Das Landesgericht hat als Rekursgericht durch die Richter Dr. Bauer als Vorsitzenden sowie Dr. Hemetsberger und Dr. Purkhart in der Rechtssache der klagenden Partei O***** Gesellschaft mbH, *****, vertreten durch Dr. Viktor Igali-Igalffy, Rechtsanwalt in 1030 Wien, gegen die Beklagte A***** H***** ***** wegen S 1.965,40 s.A., infolge Rekurses der klagenden Partei gegen den Beschluß des Bezirksgerichtes Hallein vom 18.2.1997, 4 C 158/97m-2, in nichtöffentlicher Sitzung beschlossen:

Spruch

Dem Rekurs wird n i c h t Folge gegeben.

Die klagende Partei hat ihre Rekurskosten selbst zu tragen.

Der Revisionsrekurs ist jedenfalls unzulässig.

B e g r ü n d u n g:

Text

Die klagende Partei hat gegen die beklagte Partei die Erlassung eines Zahlungsbefehles über den Kapitalsbetrag von S 1.965,40 s.A. beantragt und vorgebracht, daß in dem auf Zahlung des Kaufpreises gelieferter Waren gegründeten Klagsbetrag für die außergerichtliche Forderungseintreibung S 944,40 enthalten seien, zu deren Tragung sich die beklagte Partei vertraglich verpflichtet habe.

Das Erstgericht hat über den für die Warenlieferung selbst geltend gemachten Betrag von S 1.021,-- s.A. den Zahlungsbefehl laut Klage erlassen und bezüglich der Inkassospesen in Höhe von S 944,40 die Klage zurückgewiesen. Für Inkassospesen sei, selbst wenn diesbezüglich eine Vereinbarung bestehe, der Rechtsweg unzulässig (54 R 81/96 des LG Salzburg).

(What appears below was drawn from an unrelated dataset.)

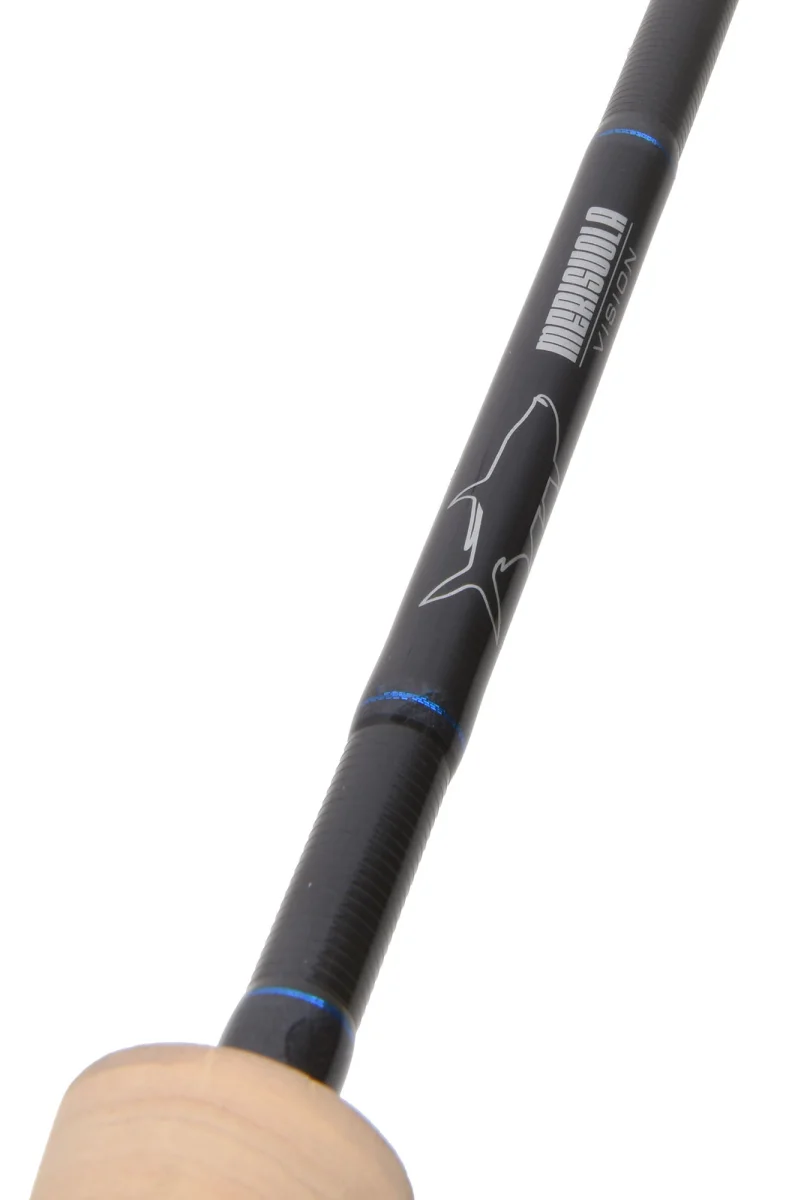 Vision Muškařský prut MERISUOLA III flyrod - 9' #8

Gegen diese Klagszurückweisung richtet sich der Rekurs der klagenden Partei mit dem Begehren, sie ersatzlos zu beheben und dem Erstgericht die Erlassung eines bedingten Zahlungsbefehles auch hinsichtlich der geltend gemachten Inkassokosten von S 944,-- s.A. aufzutragen.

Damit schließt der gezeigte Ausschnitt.